In my latest book review for The Objective Standard, I look at a new scholarly edition of Thomas Jefferson's book Notes on Virginia. Alas, as is the fashion nowadays, the book goes out of its way to try to find nefarious motives behind Jefferson's writing of the book, even when simpler, more obvious explanations are probably correct. Excerpt:
Forbes...is not content with saying that Jefferson’s ideas on race reflected majority attitudes [about race]. He claims Jefferson created those attitudes. In his eyes, the Sage of Monticello used Notes as “an opportunity” to “decouple” black people from the equality principle and to establish “a rhetoric of authority that explicitly rejects appeals to reason, logic, or law.” In other words, Jefferson was consciously fashioning a “subtl[y] brillian[t]” stratagem for depriving black people of their claim to liberty.

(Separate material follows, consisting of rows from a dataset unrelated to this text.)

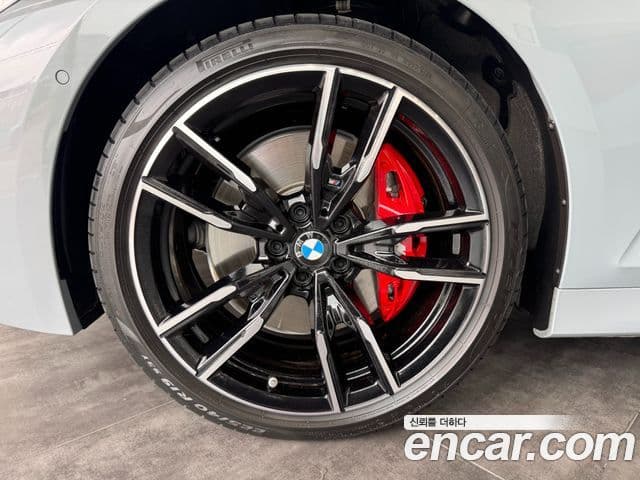 BMW 3 Series 2024 — Şəkil 4/18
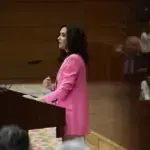 Ayuso lleva a Washington la exposición Víctimas de ETA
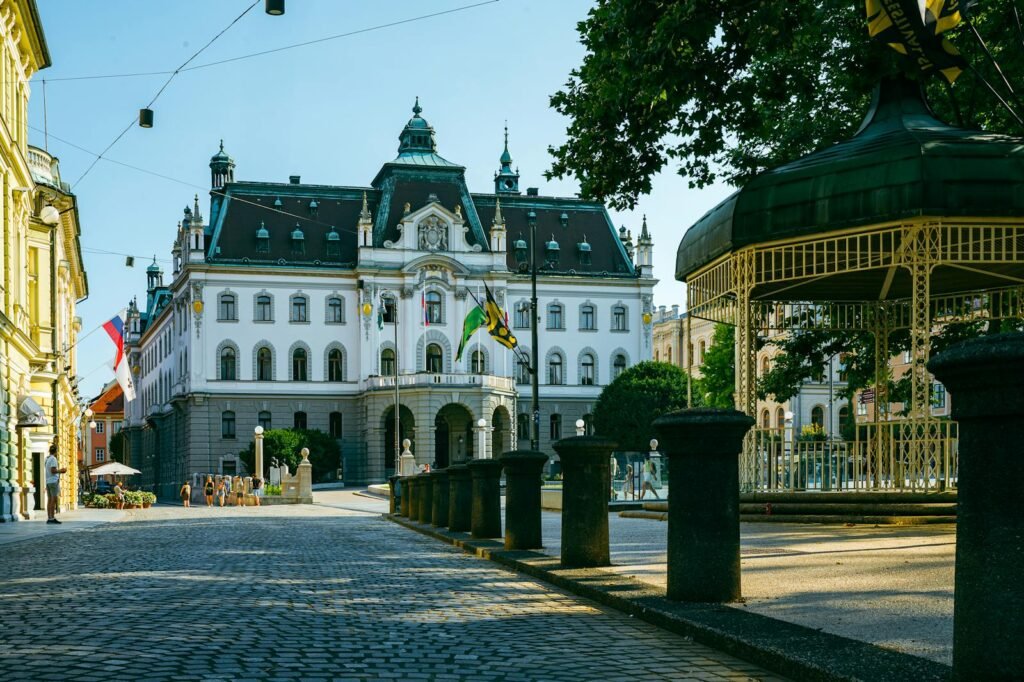 Traditional University in Slovenia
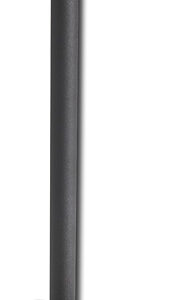 Sanus - Foundations Speaker Stand - Black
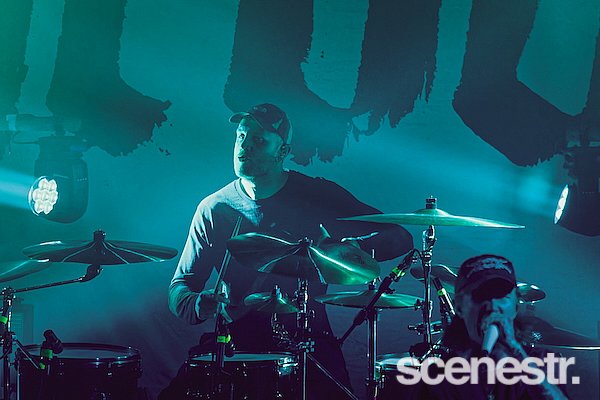 Photos: Thrown - The Triffid, Brisbane - 15 February, 2025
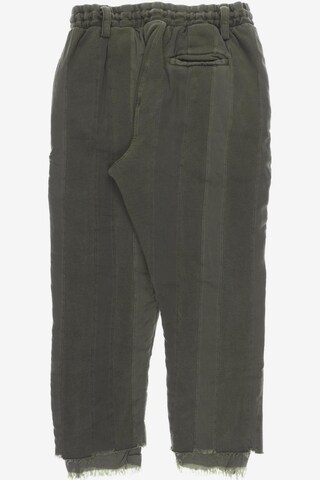 HAIDER ACKERMANN Pants in M in Green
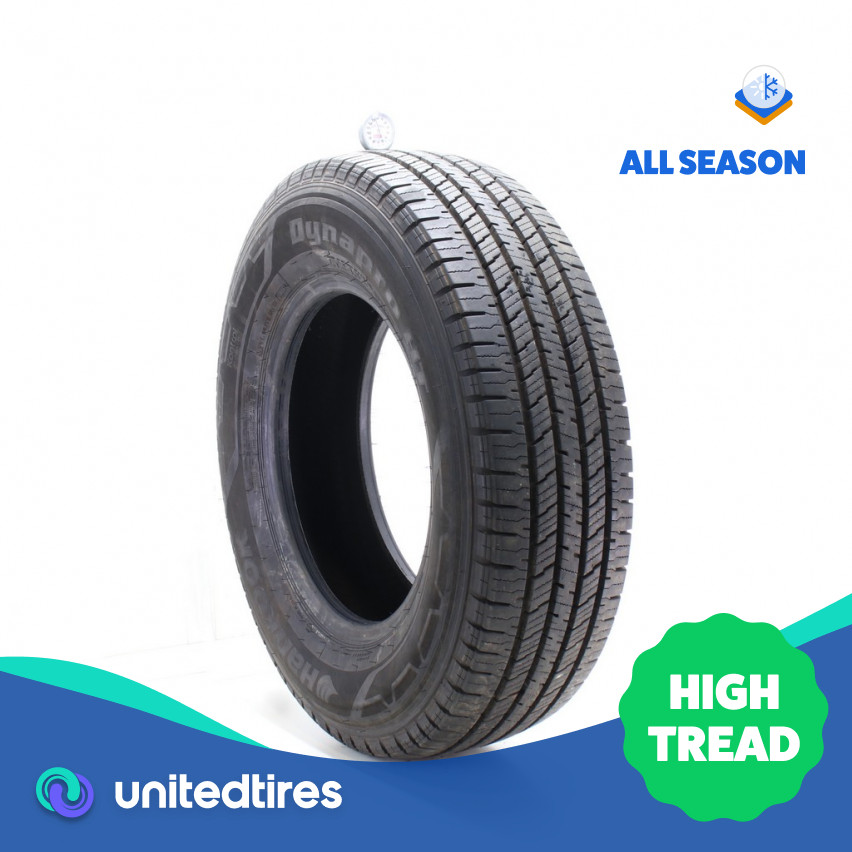 Used LT 245/75R17 Hankook Dynapro HT 121/118S – 13/32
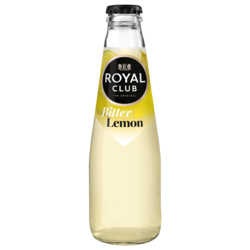 ROYAL CLUB BITTER LEMON 28x20cl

This is an extraordinary assertion, and Forbes does not prove it. Instead of dispassionately seeking to understand Jefferson as he understood himself, Forbes’s argument rests largely on his own characterizations of Jefferson’s wording based on 21st-century attitudes. For example, he claims in one footnote that Jefferson’s repeated misspelling of Phillis Wheatley’s name was “an intentional slight, not a slip.” He offers no proof of this, and the reality is that Jefferson had idiosyncratic spelling habits, as did many of his contemporaries; he persisted in some errors his entire life (he never did figure out the difference between “its” and “it’s,” for example). Even if Jefferson had intended this as an insult, variant spelling of names was so common that his readers would not have recognized it. Forbes relies on dubious literary inferences, too, such as similarities between Jefferson’s word choices and those of other writers, when these are probably just coincidences. For example, Jefferson referred in one passage to the “eternal monotony” of black complexions—a phrase also used by British loyalist John Shebbeare while criticizing pro-American writer Richard Price for repeatedly characterizing King George III’s treatment of colonists as “slavery.” Shebbeare complained of Price’s “eternal monotony” in using this word, likening it to “the drone of a Scotch bagpipe.” In 1784, while Jefferson was writing Notes, Price published a second pamphlet, which again praised the American Revolution but condemned the enslavement of blacks. “It is hard not to conjecture,” Forbes concludes, “that reading Price’s pointed critique of American slavery in his [second] pamphlet triggered in Jefferson thoughts of Price’s [first] pamphlet and the ‘eternal monotony’ of its metaphors of slavery.”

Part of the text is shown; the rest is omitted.